英文:
Build a chatbot with custom data using Langchain
问题
我正在尝试理解GPT/langchain。我想要只使用我的数据,但我找不到一个基本的示例。
例如,我设想我的聊天对话如下:
用户:告诉我如何建造一座树屋
GPT:要建造一座树屋,你需要以下材料和工具......
我的数据存储在一个名为mydata.txt的文件中,内容如下:
要建造一座树屋,你需要以下工具:锤子、钉子和木材......
....
.....
请问能否展示一个如何实现这个简单示例的例子。
英文:
I am trying to understand GPT/langchain . I want to use my own data only but I am not able to find a basic example.
for example, I envision my chat to be something like this:
USER: show me way to build a tree house
GPT : To build a tree house you need the following materials and tools.....

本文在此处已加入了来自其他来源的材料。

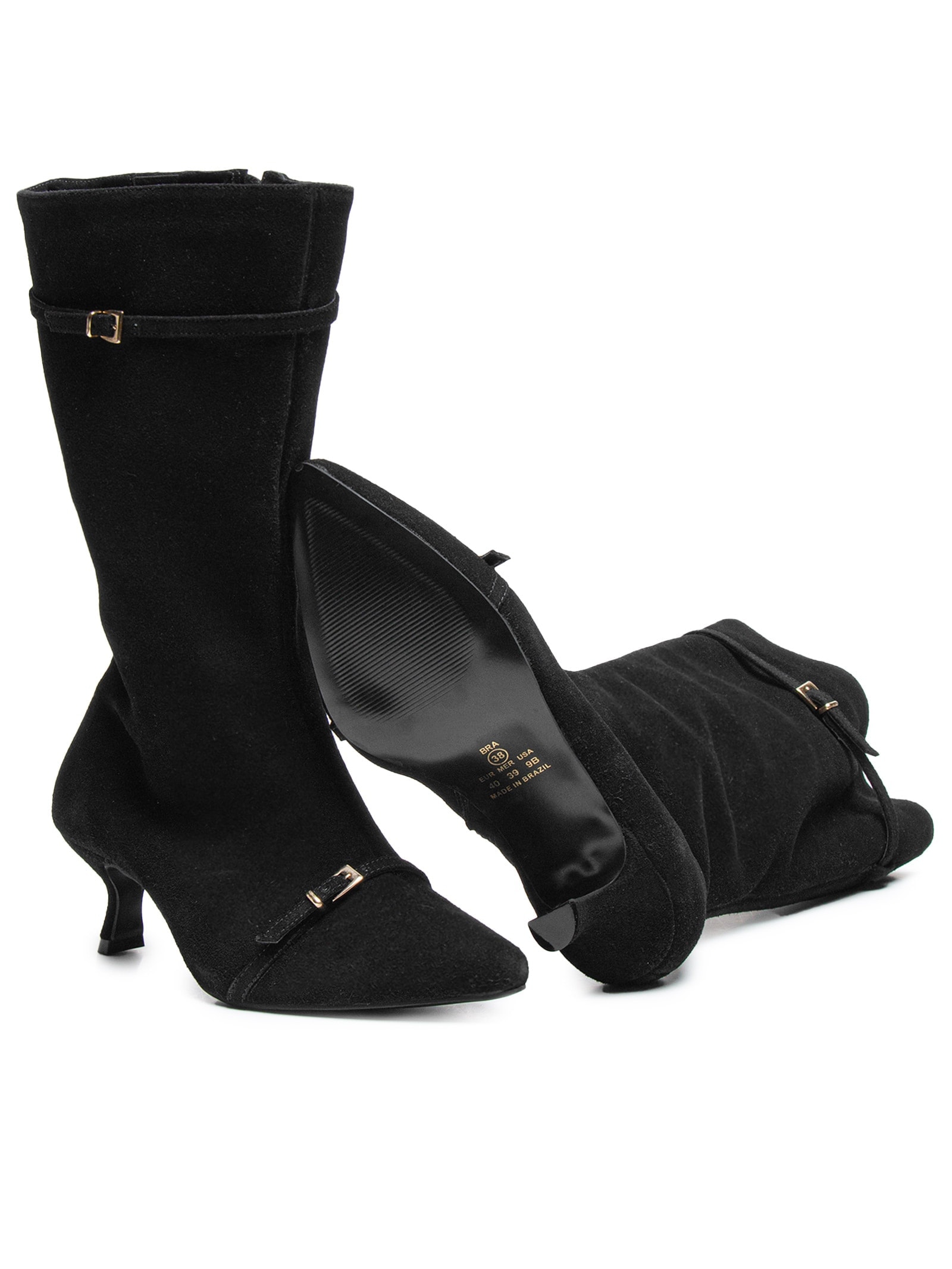 Bota Feminina Em Camurça Com Fivela Preto '2Essential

MY owns data in a file mydata.txt with the following content
To build a tree house you need the following tool hammer , nails and materials wood...
....
.....
Can you please show a simple example of how this can be done ..
答案1
得分: 3
以下是您要的翻译:
摘要
您需要使用langchain中的Vector DB Text Generation工具,此工具将允许您使用自己的文档作为聊天机器人回答的上下文。我将在下面提供的示例略有不同于文档中的链,但我发现它效果更好,而且文档主要讨论从GitHub存储库获取文本,这似乎不适用于您的情况。
下面的代码是用Python编写的
加载导入项、LLM模型和文档拆分器
from langchain.embeddings.openai import OpenAIEmbeddings
from langchain.vectorstores import Chroma
from langchain.text_splitter import CharacterTextSplitter
from langchain.llms import OpenAI
from langchain.chains import RetrievalQA
from langchain.document_loaders import TextLoader
from langchain.prompts import PromptTemplate
from langchain.chat_models import ChatOpenAI
loader = TextLoader("") #将文件的路径和名称放在这里,如果它在代码文件的相同目录中,您只需使用目标文件名
documents = loader.load()
llm = ChatOpenAI(model="gpt-3.5-turbo", temperature=0) #更改要使用的模型,调整温度以查看哪一个提供更好的答案
text_splitter = CharacterTextSplitter(chunk_size=500, chunk_overlap=0) #您可以根据自己的文档设置每个文档块的大小
texts = text_splitter.split_documents(documents)
embeddings = OpenAIEmbeddings() #这将创建您文本的向量嵌入
docsearch = Chroma.from_documents(texts, embeddings)
创建提示模板
from langchain.chains import LLMChain
prompt_template = """Use the context below to write a 400 word blog post about the topic below:
Context: {context}
Topic: {topic}
Blog post:"""
#这是标准的提示模板,您可以更改并尝试它
PROMPT = PromptTemplate(
template=prompt_template, input_variables=["context", "topic"]
)
chain = LLMChain(llm=llm, prompt=PROMPT)
创建用于发布并运行的函数
def generate_blog_post(topic):
docs = search_index.similarity_search(topic, k=4)
#k基本上是每次搜索为LLM提供的上下文块数量,更多可能提供更多上下文,但可能会消耗更多的令牌,有时甚至会使模型混淆,请测试并注意
inputs = [{"context": doc.page_content, "topic": topic} for doc in docs]
print(chain.apply(inputs))
generate_blog_post("您的问题/主题")
英文:
Summary
You need to use the Vector DB Text Generation tool in langchain, this tool will allow you to use your own documents as context for the chatbot to use for its answers.The example i will give below is slightly different from the chain in the documentation but i found it works better, not to mention the documentation talks mostly about getting text from a github repo, which isnt your case i suppose.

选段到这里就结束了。